WORK INSTRUCTIONS. The task calls for the lines below from the line with "Hãng xe Volvo" to the line with "Used 2005 Buick LaCrosse CXL FWD image 8", both ends included, copied exactly, without any pictures.

MATERIAL FOR THIS TASK.
□ □ □
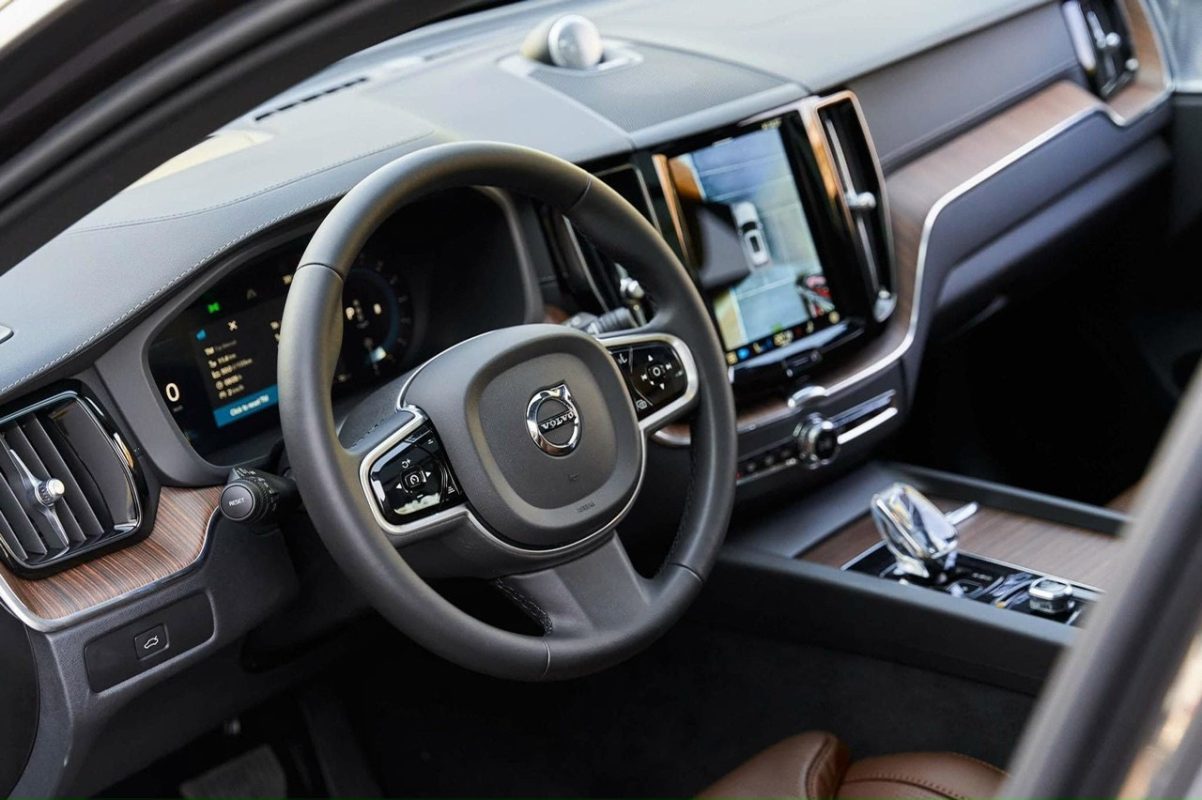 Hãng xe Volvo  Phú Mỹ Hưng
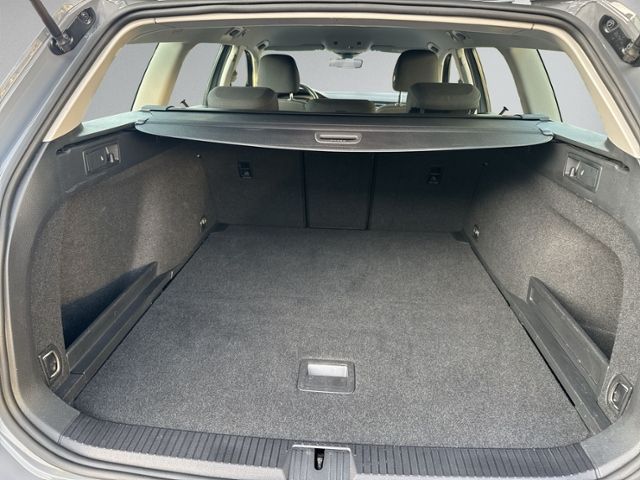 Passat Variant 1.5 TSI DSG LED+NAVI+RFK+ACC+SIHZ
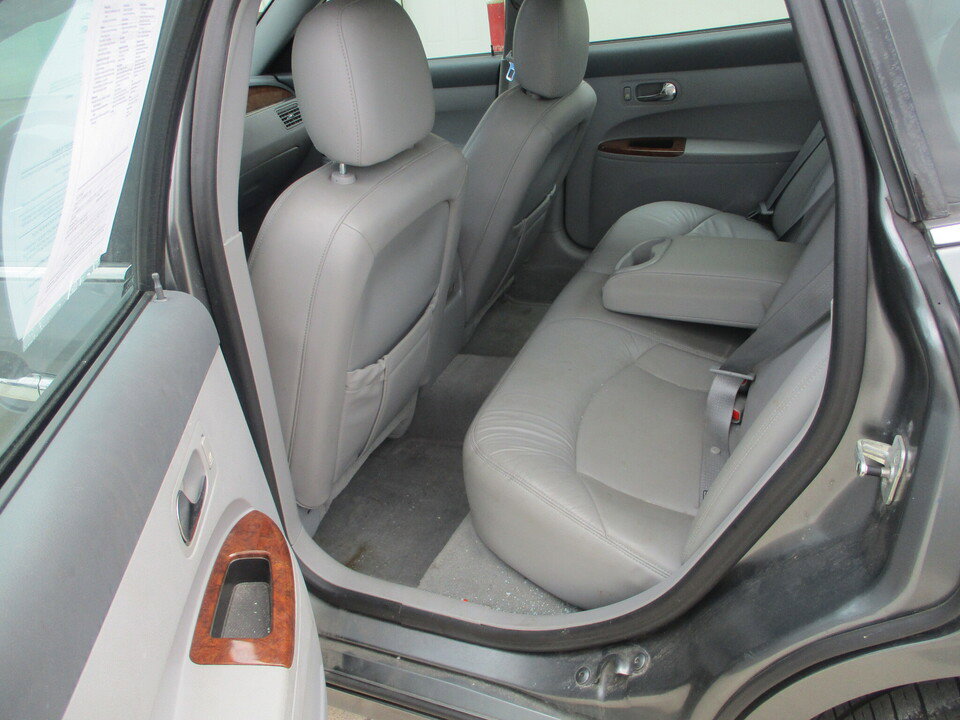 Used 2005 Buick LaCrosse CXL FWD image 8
□ □ □
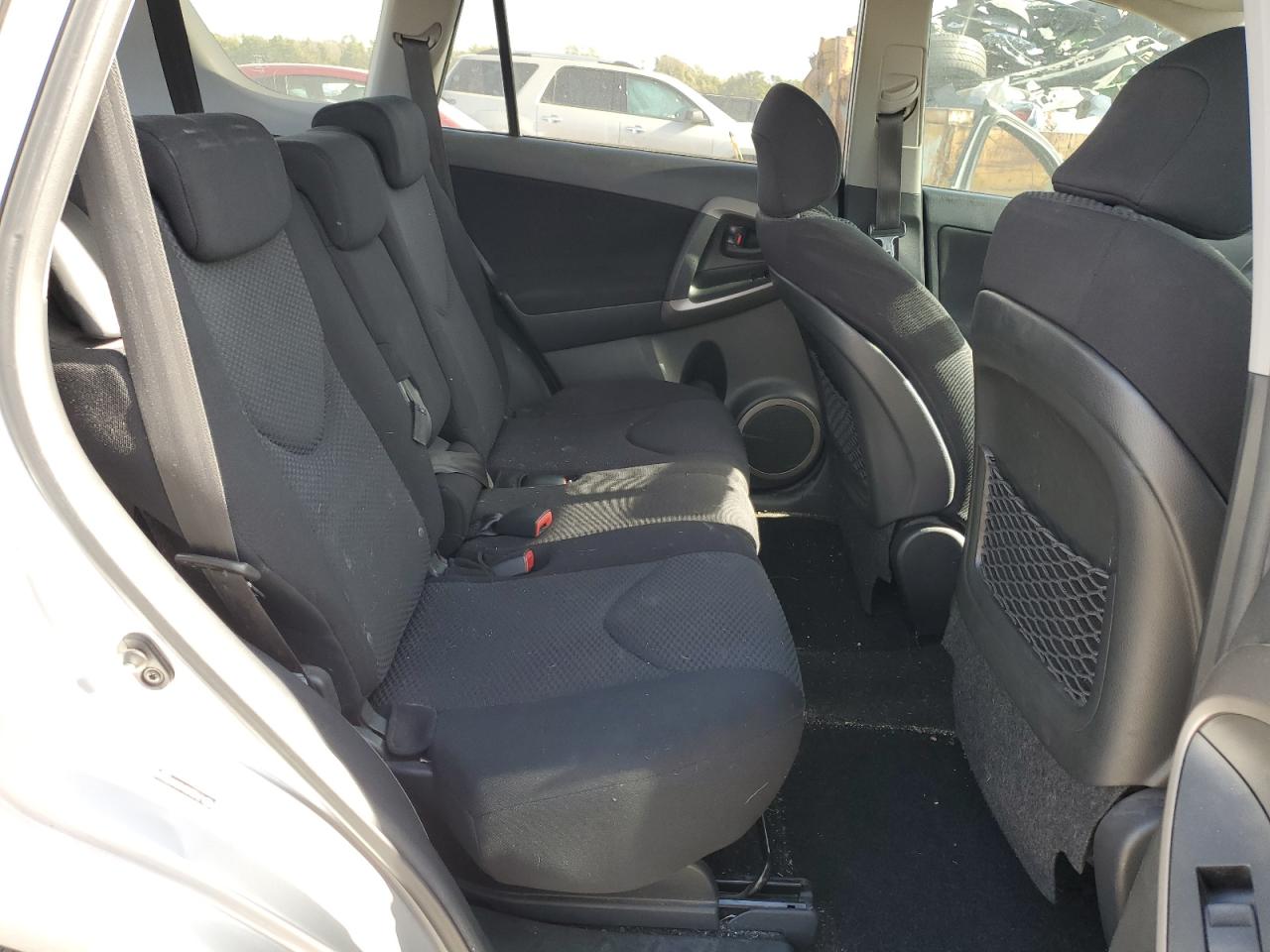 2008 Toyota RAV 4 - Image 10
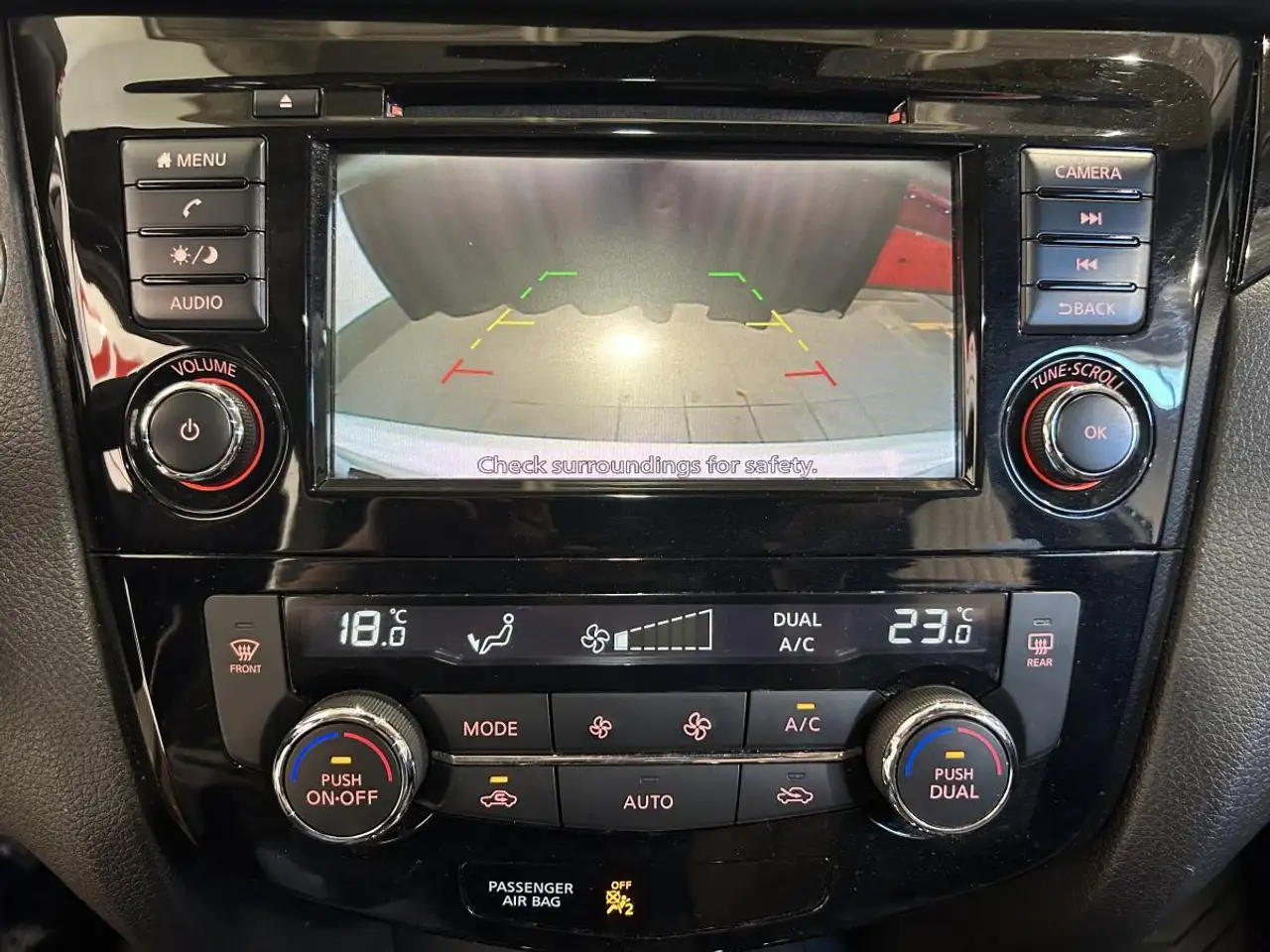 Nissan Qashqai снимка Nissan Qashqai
□ □ □
SOLUTION TO THIS PROBLEM.
 Hãng xe Volvo  Phú Mỹ Hưng
 Passat Variant 1.5 TSI DSG LED+NAVI+RFK+ACC+SIHZ
 Used 2005 Buick LaCrosse CXL FWD image 8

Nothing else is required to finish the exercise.